The rating is underpinned by the predictability of cash flows from Malakoff’s independent power plants (IPPs) under long-term purchase agreements (PPA) with Tenaga Nasional Bhd (TNB), which has a AAA rating with a stable outlook, MARC said in a statement.
"This is evidenced by the plants’ strong operational track record of meeting PPA requirements. Moderating the rating is the high reliance on residual cash flows from two of Malakoff’s IPPs, namely Tanjung Bin Power Sdn Bhd and Segari Energy Ventures Sdn Bhd," it added.
MARC said it had approached the rating of MPower, the operations and maintenance operator of Malakoff’s majority-owned domestic IPPs, by considering the consolidated profile of both, as they have strong operational and financial connections between them, particularly on the common reliance on residual cash flows from Malakoff's power plants and the explicit Kafalah guarantee, which are in favour of MPower's sukuk-holders.

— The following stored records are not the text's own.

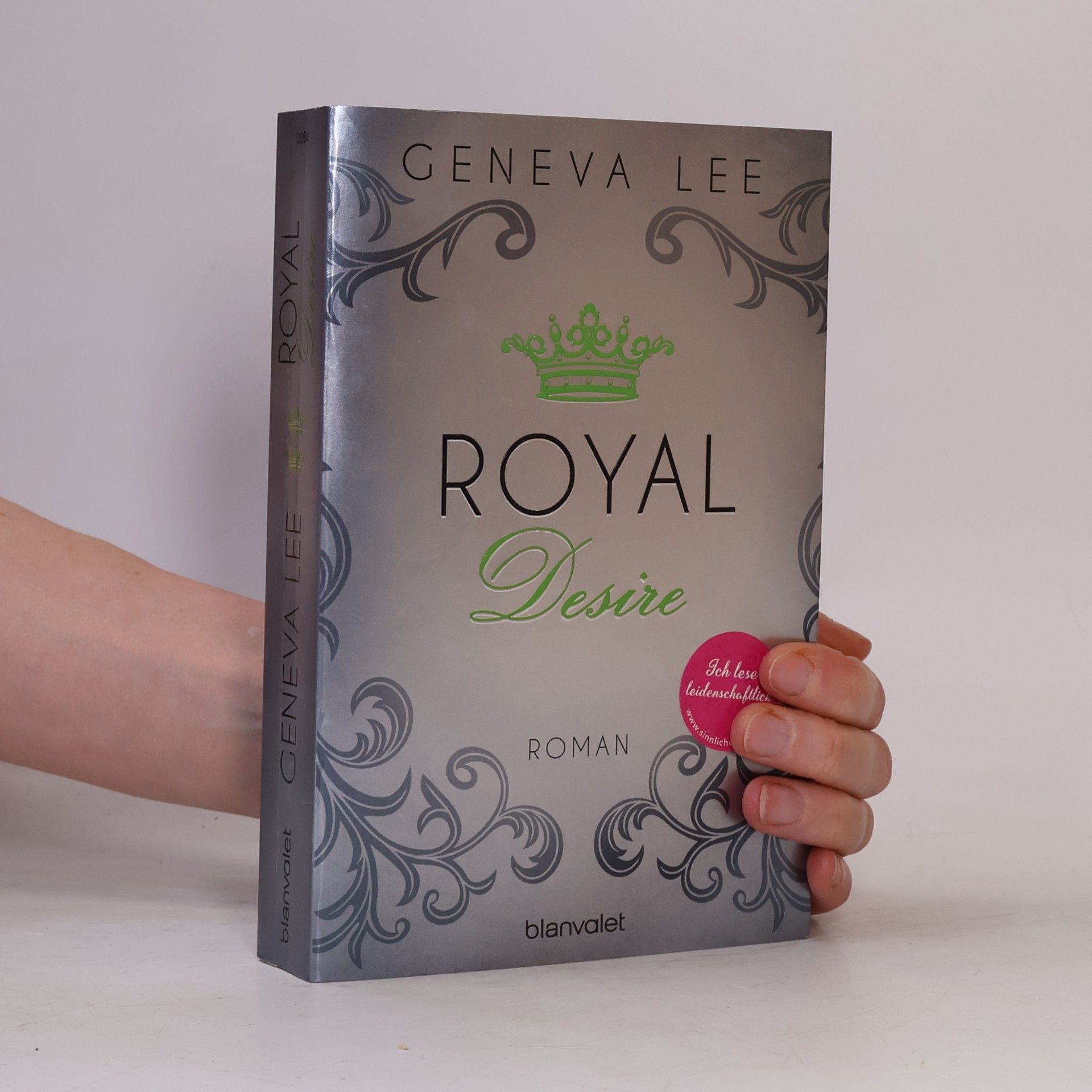 Geneva Lee Royal Desire
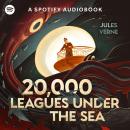20,000 Leagues Under the Sea Audiobook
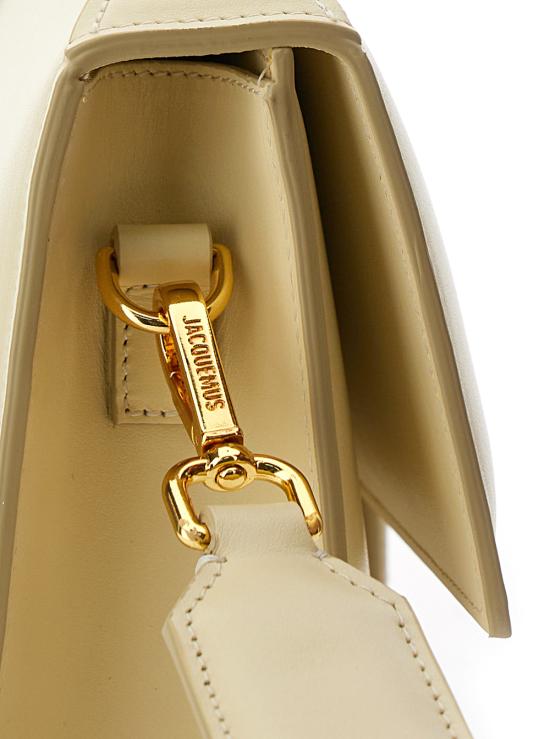 25FW 자크뮈스 토트백 221BA0143060120 White - JACQUEMUS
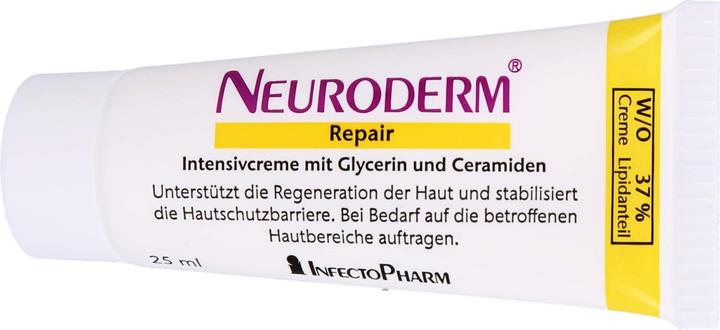 Actual product image Neuroderm Repair, 25 ml cream (25 ml, 24h cream)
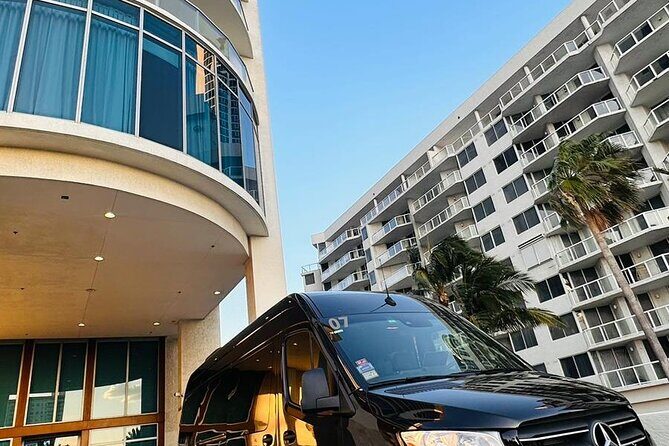 Van Ft Lauderdale Airport or Hotel To Port of Miami or Hotel - Getting Picked Up at Fort Lauderdale Airport Without Guesswork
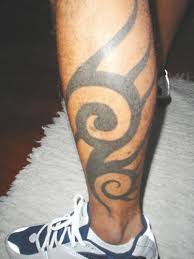 leg tatoos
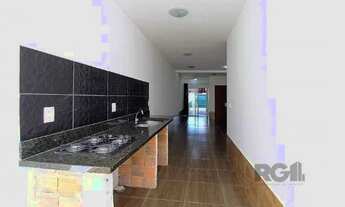 Imagem 10: Casa em Porto Alegre, no bairro Aberta dos Morros, com 2 dormitório(s), e 2 banheiros, à v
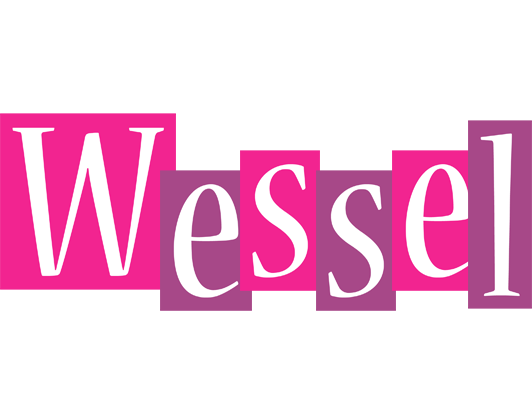 Wessel whine logo
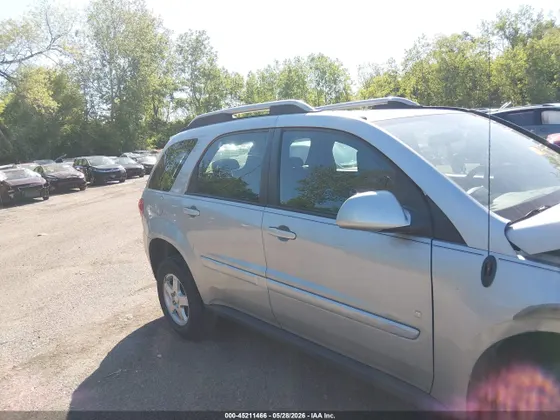 2006 Pontiac Torrent
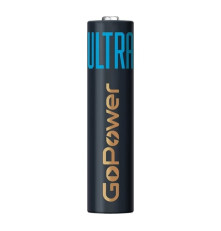 Элемент питания GoPower ULTRA LR03 AAA BL10 Alkaline 1.5V
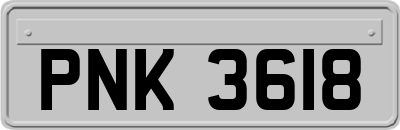 PNK3618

MARC said Malakoff had received capacity payments of RM1.06 billion during the first half of 2021, up from RM1.03 billion for the same period last year, which the ratings agency said was in line with expectations, as its key IPPs met PPA requirements.
Malakoff was able to fully pass through its fuel costs to TNB, said MARC, but noted that its energy payments had declined to RM1.37 billion in the first half of 2021 - largely due to lower electricity demand during the period — compared to RM1.73 billion a year prior.
Writing on the group’s leverage position, MARC said Malakoff had improved slightly with a debt-to-equity (DE) ratio at 1.65x after scheduled repayments of group debt. The rating agency expects Malakoff to improve its leverage position, as repayments on outstanding borrowings are expected to exceed potential new borrowings. It added that the DE ratio will likely fall below 1.5x over the next three years, and in the next one-year period, Malakoff is scheduled to repay RM1.4 billion, while any new capital commitments will be funded by internal cash and/or borrowings.
At company level, MPower recorded an operational cash flow of RM338.1 million, supported by a RM334.7 million repayment of its inter-company loan to Malakoff.
"Its cash and bank balances (including investments) of RM624.8 million as at end-June 2021 is sufficient to meet its upcoming sukuk repayment of RM500.0 million on Dec 17, 2021. The stable outlook incorporates MARC's expectation that Malakoff's power generating subsidiaries will continue delivering satisfactory operational performance,” saiid MARC.
Malakoff’s share price was unchanged at 76 sen on Thursday (Nov 25), for a market capitalisation of RM3.82 billion.